I hope this has gone some way towards whetting your appetite enough to visit the site and give it a whirl. You don't even need Clojure, you could run it off the provided jar file.
There's Clojuratica, an interface between Clojure and Mathematica:
http://clojuratica.weebly.com/
See also this mailing list post by Clojuratica's author.
While not a CAS, Incanter also has several very nice features and might be a good reference/foundation to build your own ideas on.

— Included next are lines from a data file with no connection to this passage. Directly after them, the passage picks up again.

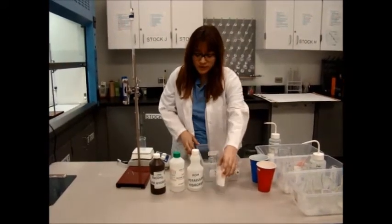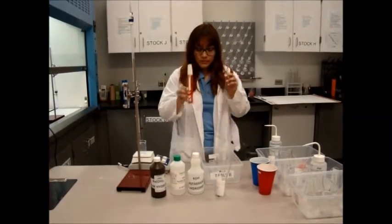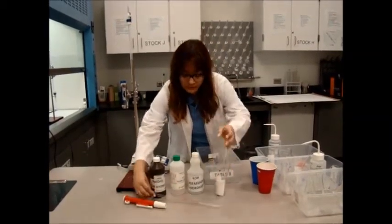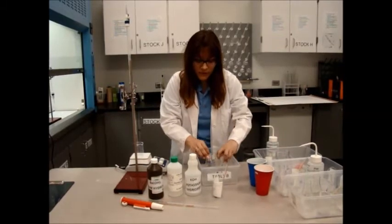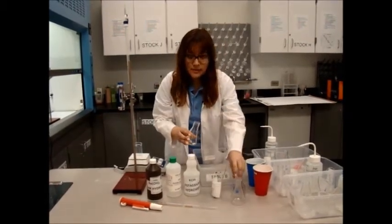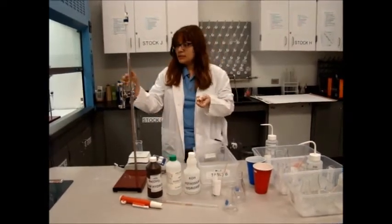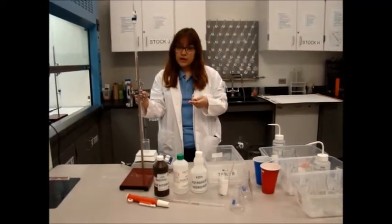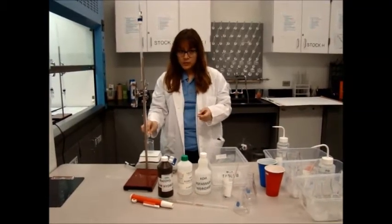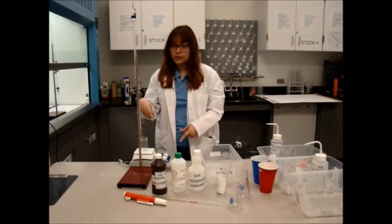Then we go on to the rest of our materials, which are going to be a 10 ml pipette with a pump. You will also have three conical flasks. Inside one of these flasks is a magnet, which you will need for the apparatus. This is a burette with 0.25 M sulfuric acid. The magnet will go inside the flask, and you will also have a stirrer to control on your burette.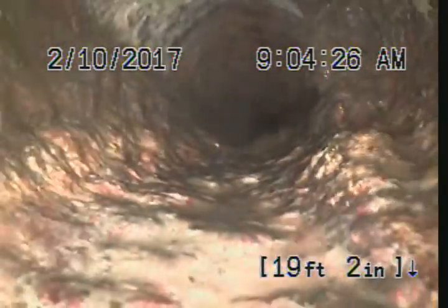Some ridging or grease buildup. At 19 feet 3 inches.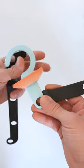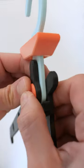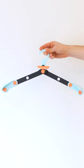My easy-peasy hanger is 3D printed in several parts that are super satisfying to assemble. It's modular, colorful, and best of all, it does this.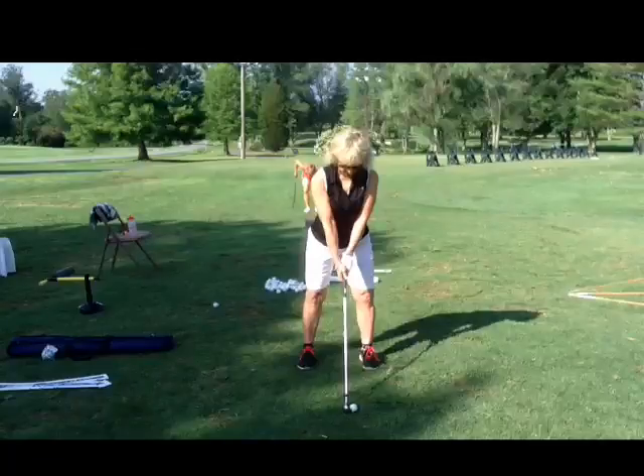Hi Connie, how are you? I had so much fun in Oklahoma with you. Let's just go over this real quick.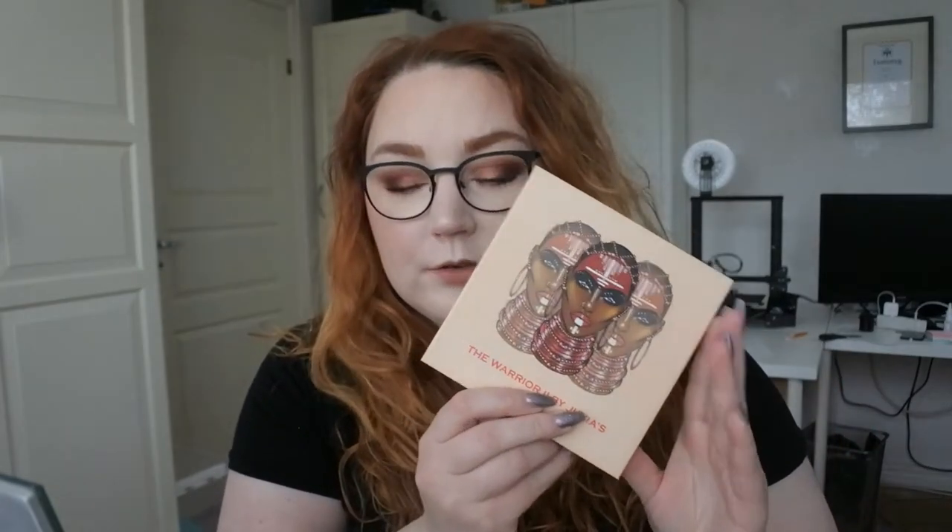In today's video I'm going to do a look with some new makeup. I'm using the Warrior 2 by Juvia's Place and also a liquid shadow from Makeup Mecca, my new Fenty skin tint, a new lipstick, new eyebrows, and new blush. If you want to see how I created this beautiful brownie reddish smoky eye, please keep on watching.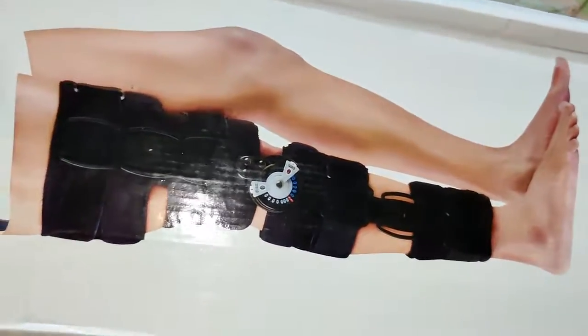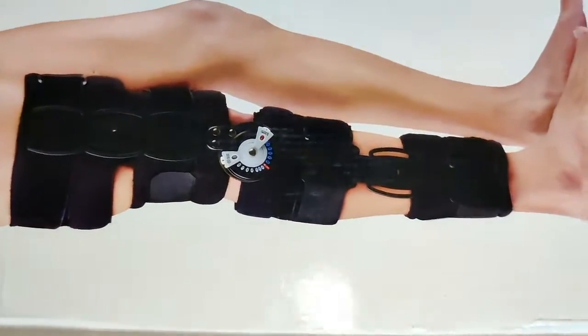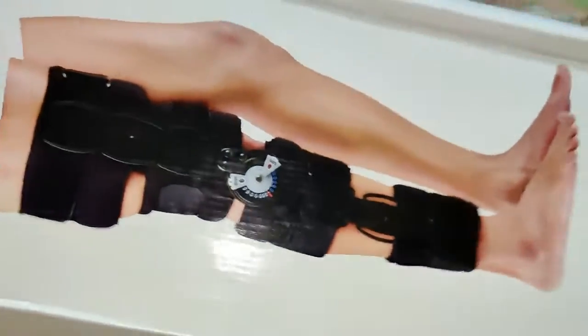Hi friends, coming straight into the video. Those who have gone through ACL surgery must have to wear the ACL brace. The product looks like this — the brand I purchased is Dyna, and the product looks like this.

Regarding "For example, if the associative operation were a product instead of a sum I would have to rewrite portions.": if you structure your code accordingly, couldn't you accomplish this by using higher-order functions and passing in the associative operation? Think map-reduce.
I am unaware of any computer algebra systems written in Clojure. However, for my rather simple mathematical needs I have found it often useful to use Maxima, which is written in lisp. It is possible to interact with Maxima using s-expressions or a higher-level representations, which can be really convenient. Maxima also has some rudimentary combinatorics functions which may be what you are looking for.
If you are hellbent on using Clojure, in the short term perhaps throwing your data back and forth between Maxima and Clojure would help you achieve your goals.
In the longer term, I would be interested in seeing what you come up with!